Documents showing officials’ names were published on GOV.UK accidentally and stayed up for a week. The dossier showed credit-card spend at the department of more than £500 between November 2021 and May 2022, which must be published by law for transparency reasons.
The figures included £1,120 spent on a pottery class as part of a team-building day, which 35 officials took part in – a cost of £32 per head.
It also included the names of civil servants, which should not be revealed under data-protection regulations.
The department said it is “investigating this regrettable incident under data-protection rules and reviewing the process which resulted in the names of some staff members being released accidentally on a public website”.
A spokesperson for GLD, which gives legal advice on policy, said the department would not be “commenting publicly further at this time”.

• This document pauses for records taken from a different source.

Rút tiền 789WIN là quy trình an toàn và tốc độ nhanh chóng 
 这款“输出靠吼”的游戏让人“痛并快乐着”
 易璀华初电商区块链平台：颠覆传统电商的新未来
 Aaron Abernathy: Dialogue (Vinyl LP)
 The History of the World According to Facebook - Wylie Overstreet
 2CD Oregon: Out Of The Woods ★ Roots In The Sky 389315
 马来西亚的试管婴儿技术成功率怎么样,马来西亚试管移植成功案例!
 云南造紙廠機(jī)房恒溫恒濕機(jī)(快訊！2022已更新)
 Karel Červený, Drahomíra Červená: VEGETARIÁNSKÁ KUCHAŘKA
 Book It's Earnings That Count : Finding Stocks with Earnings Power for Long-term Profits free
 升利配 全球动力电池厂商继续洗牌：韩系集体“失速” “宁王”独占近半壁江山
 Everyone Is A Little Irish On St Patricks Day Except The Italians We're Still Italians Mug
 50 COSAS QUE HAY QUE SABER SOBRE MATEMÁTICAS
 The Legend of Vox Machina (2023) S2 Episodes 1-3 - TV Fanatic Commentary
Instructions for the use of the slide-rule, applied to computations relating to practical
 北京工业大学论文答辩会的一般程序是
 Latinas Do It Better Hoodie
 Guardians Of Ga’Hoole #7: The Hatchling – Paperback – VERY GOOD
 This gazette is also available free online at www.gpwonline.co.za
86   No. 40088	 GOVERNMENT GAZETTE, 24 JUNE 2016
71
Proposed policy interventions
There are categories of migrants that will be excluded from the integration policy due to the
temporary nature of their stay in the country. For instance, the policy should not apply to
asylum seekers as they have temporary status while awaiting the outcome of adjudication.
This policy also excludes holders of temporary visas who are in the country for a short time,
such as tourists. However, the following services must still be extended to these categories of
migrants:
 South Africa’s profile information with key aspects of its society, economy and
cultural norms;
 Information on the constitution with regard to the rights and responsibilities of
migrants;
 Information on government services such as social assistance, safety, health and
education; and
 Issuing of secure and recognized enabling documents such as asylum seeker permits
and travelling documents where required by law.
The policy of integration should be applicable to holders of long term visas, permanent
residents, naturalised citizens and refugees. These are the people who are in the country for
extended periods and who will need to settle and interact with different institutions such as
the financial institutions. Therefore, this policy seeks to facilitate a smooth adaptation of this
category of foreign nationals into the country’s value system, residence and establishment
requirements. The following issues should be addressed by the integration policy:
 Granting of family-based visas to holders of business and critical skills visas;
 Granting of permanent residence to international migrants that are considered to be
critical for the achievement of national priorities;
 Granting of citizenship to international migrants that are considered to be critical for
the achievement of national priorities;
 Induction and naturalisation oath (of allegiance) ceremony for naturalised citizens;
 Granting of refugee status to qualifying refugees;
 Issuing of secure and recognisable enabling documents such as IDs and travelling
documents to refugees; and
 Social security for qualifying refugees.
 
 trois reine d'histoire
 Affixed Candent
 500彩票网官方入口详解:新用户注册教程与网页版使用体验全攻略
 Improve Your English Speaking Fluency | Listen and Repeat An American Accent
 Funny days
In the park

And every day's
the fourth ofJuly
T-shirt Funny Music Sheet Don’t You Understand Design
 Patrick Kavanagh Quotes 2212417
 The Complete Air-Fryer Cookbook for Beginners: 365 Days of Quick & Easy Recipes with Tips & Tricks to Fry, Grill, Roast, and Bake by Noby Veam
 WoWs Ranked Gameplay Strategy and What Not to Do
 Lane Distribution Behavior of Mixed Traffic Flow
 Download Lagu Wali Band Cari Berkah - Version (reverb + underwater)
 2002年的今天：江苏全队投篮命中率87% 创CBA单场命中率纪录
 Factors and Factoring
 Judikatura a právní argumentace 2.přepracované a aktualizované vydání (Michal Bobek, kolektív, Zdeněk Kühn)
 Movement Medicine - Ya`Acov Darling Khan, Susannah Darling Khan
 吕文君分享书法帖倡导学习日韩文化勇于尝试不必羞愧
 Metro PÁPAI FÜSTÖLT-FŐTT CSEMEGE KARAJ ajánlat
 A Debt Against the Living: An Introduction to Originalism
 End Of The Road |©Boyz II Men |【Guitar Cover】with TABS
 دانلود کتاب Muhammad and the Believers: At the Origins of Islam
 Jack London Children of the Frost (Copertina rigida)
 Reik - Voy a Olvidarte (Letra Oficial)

Shadow attorney general Emily Thornberry on Sunday criticised the data leak and took aim at the department’s use of funds.
She told the Sun: “I don’t know what’s worse, the attorney-general breaching her own data-protection rules by mistake or her civil servants spending their working days painting pottery. Either way, it’s yet more evidence of a zombie government, lurching aimlessly from one calamity to the next.”
A government source told the newspaper the ceramics painting was took up only part of one training day.
In criticising the away day, Thornberry mimicked recent attacks from attorney general Suella Braverman and government efficiency minister Jacob Rees-Mogg on learning and development courses currently offered to civil servants.
Braverman said earlier this month that she has ordered GLD officials to scrap diversity training after finding staff had spent nearly 2,000 hours on courses last year – around 40 minutes per staff member.
The same week, Jacob Rees-Mogg said officials need “focused learning, not woke folderol” such as courses on privilege.
Thronberry pointed to Braverman’s previous comments in a tweet today responding to GLD’s announcement it would launch a data breach investigation.
“It seems very odd that Suella Braverman was so furious about her staff doing diversity training but thinks painting pottery instead is just fine,” she said.
The GLD error is one of several high-profile data breaches in the last year.
In February, the Department for Levelling Up exposed civil servants’ personal data by not properly redacting personal details from a contract document, as revealed by PublicTechnology.
In September 2021, the Ministry of Defence launched an investigation into how the identities of 250 Afghanistan-based interpreters who worked with UK forces were compromised in a group email. This followed a national security incident where a civil servant left MoD documents in a “soggy heap” near a bus stop in Kent.